Before creating a bean I suggest building a project with dependencies. We’ll get some hints when creating the bean.

The bean has been bolded. We need to specify what type our bean will be (the class attribute), and set its id, which is the name we will refer to (the id attribute).

Then set the connection properties, ie

  • URL – the address we are connecting to. In this case it is localhost on port 1521 and sid base is car
  • user – username in the database. In this case training
  • password – user password for the database.

WARNING! The names of such properties may vary depending on the class used (in this case, oracle.jdbc.pool.OracleDataSource). For other drivers, the user field can be called username

4. Create the appropriate tables in the database

Spring Security logs two queries. First, the login data is correct and the second one is the user’s credentials.

I created the following table in the database for users:


Required fields are login, pass, active. Spring always checks if the user has activated.

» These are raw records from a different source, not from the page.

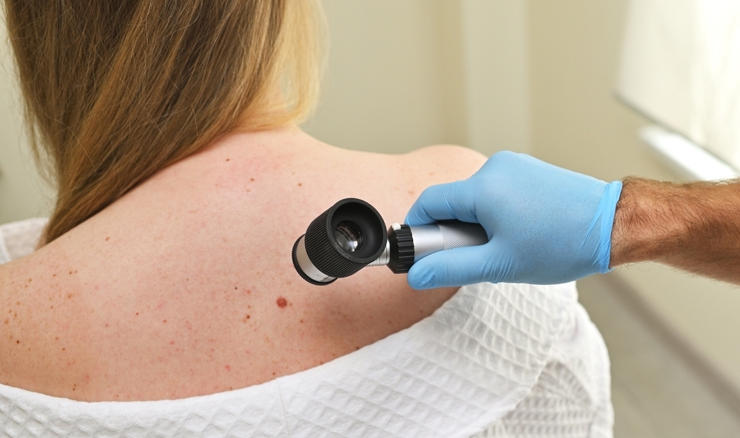 Novo otkriće s IRB-a o kretanju stanica melanoma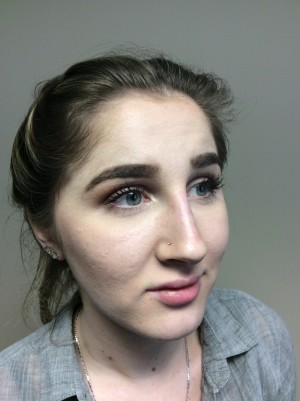 Non Surgical Rhinoplasty Before and After 01 | Grover Aesthetics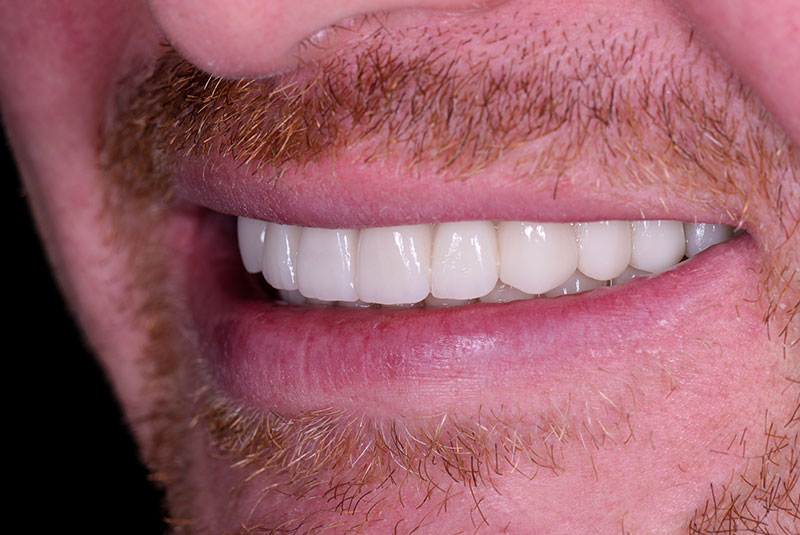 after dental procedure results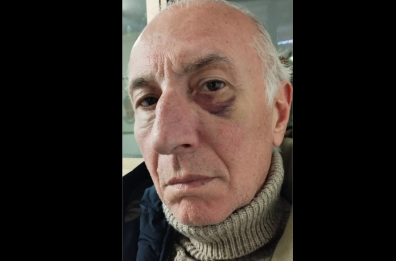 Bitonto, la denuncia di un dipendente Asl: «Un medico mi ha colpito con un pugno. E poi parlano di violenze in corsia» Bitonto, la denuncia di un dipendente Asl: «Un medico mi ha colpito con un pugno. E poi parlano di violenze in corsia»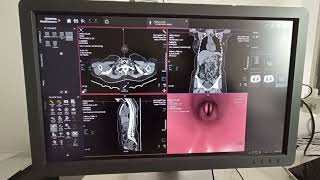 ct virtual bronchoscopy Bangla [upl. by Dunston]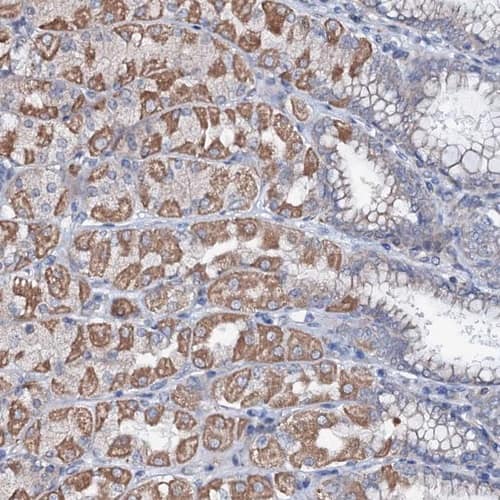 UBE3C Antibody - BSA Free Immunohistochemistry-Paraffin: UBE3C Antibody [NBP1-81558]
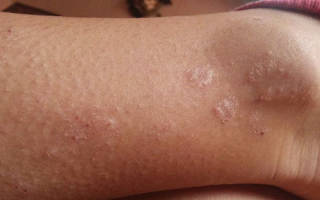 Шелушится кожа на голени ног причины. Почему шелушится сухая кожа на ногах: что делать и как лечить дерматит
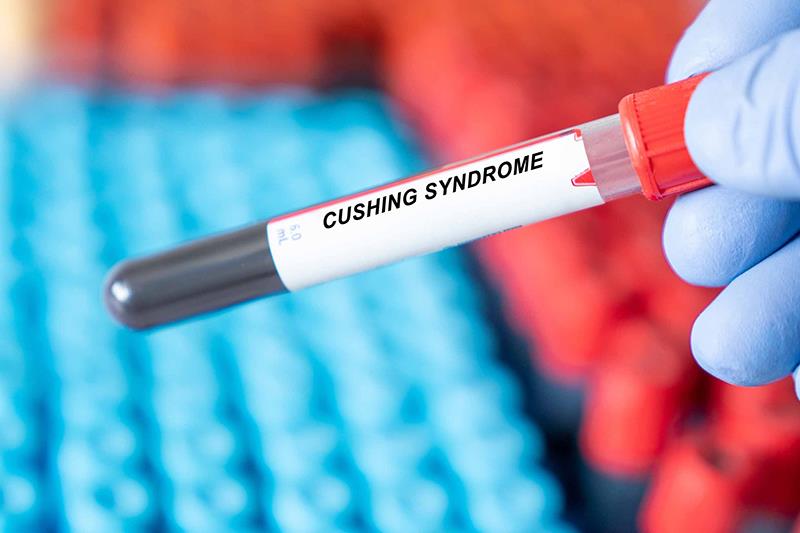 Improved cardiometabolic outcomes seen after surgical remission of endogenous hypercortisolism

I also created a second table with user permissions:


I included information about the user ID and its role.

Now time for the data for the table users:

Data for authorization table:


Note that roles are written according to the Spring Security roles.

5. Spring-security update

Now we are updating the spring-security.xml file. We’re throwing our rigidly created user-service and adding jdbc-user-service. This should look like this:

<authentication <span = “”> -manager >

<authentication <span = “”> -provider >

<jdbc <span = “”> -user-service  data-source-ref = “dataSource”

users-to-username-query =

“select login, pass, active from users where login =?”

Authorities-by-username-query =

“select username, role permissions from users join born in a u.user_id = ur.user_id where username =?” />

</ jdbc <> </ authentication <> -provider >

</ authentication < manager >

  • data-source-ref – we provide the ID of our bean with the connection to the database. Our name was from DataSource.
  • users-by-username-query – This query retrieves login, password and user activity status
  • authorities-by-username-query – This query checks user permissions. Warning! Spring always needs a login and a user role, so we need to join here.

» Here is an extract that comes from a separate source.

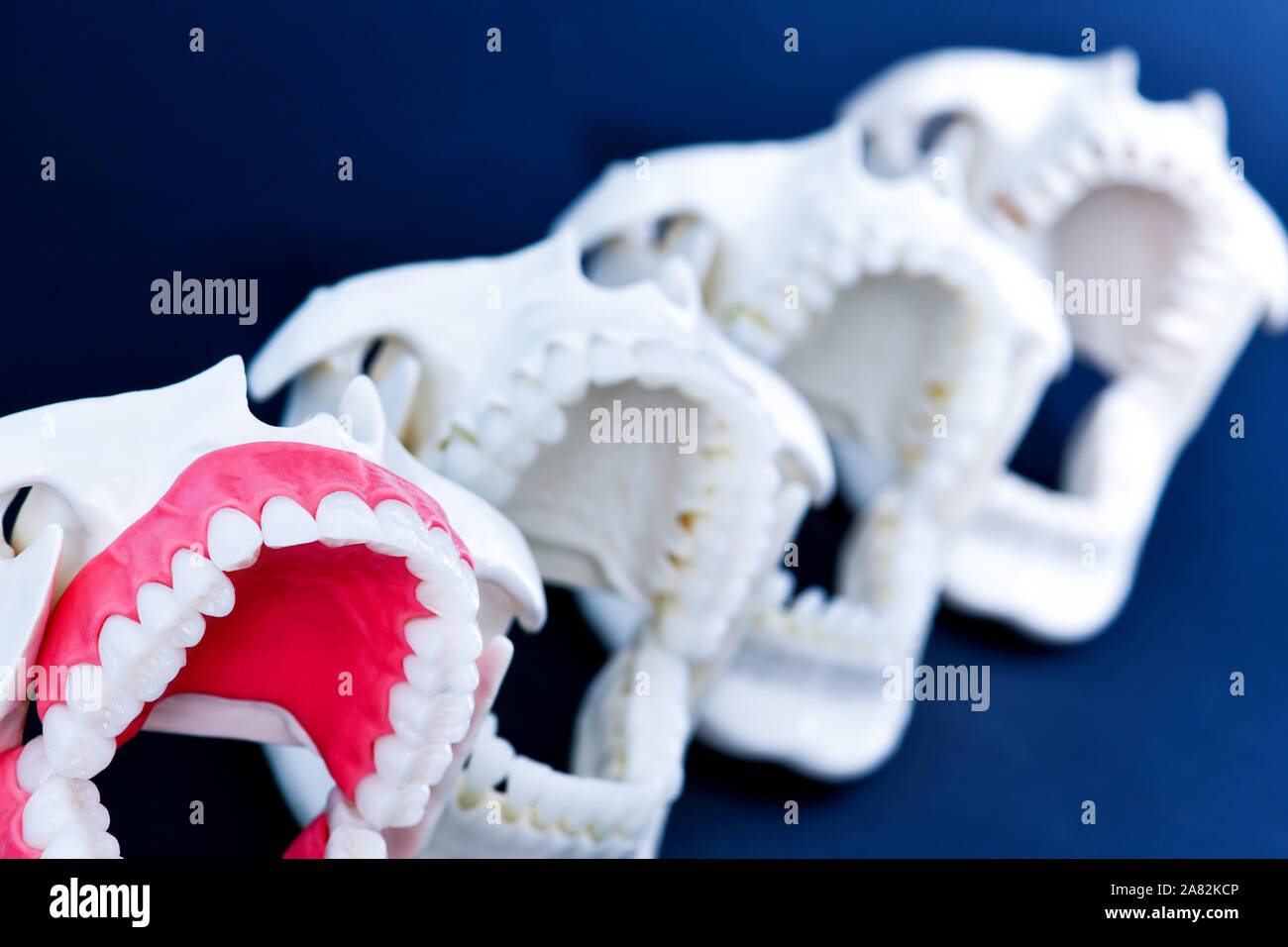 Dentist orthodontic teeth models with jaws opened on blue background ...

What is important in these inquiries?

Asking users-by-username-query to always return 3 columns; The first is the login, the second is the password, and the third is the user’s activity. You may have broken this data after several tables, but your task is to write a query that will return exactly three such columns.

For example, if you do not care about user activity, instead of the active column, we would simply insert one.

select login, pass, ‘1’ from users where login =?

The adequate situation with the second query. You must provide spring login and user role. Where are the data and how are they distributed?

After firing, the login effect should be the same. We are now logging on to the database.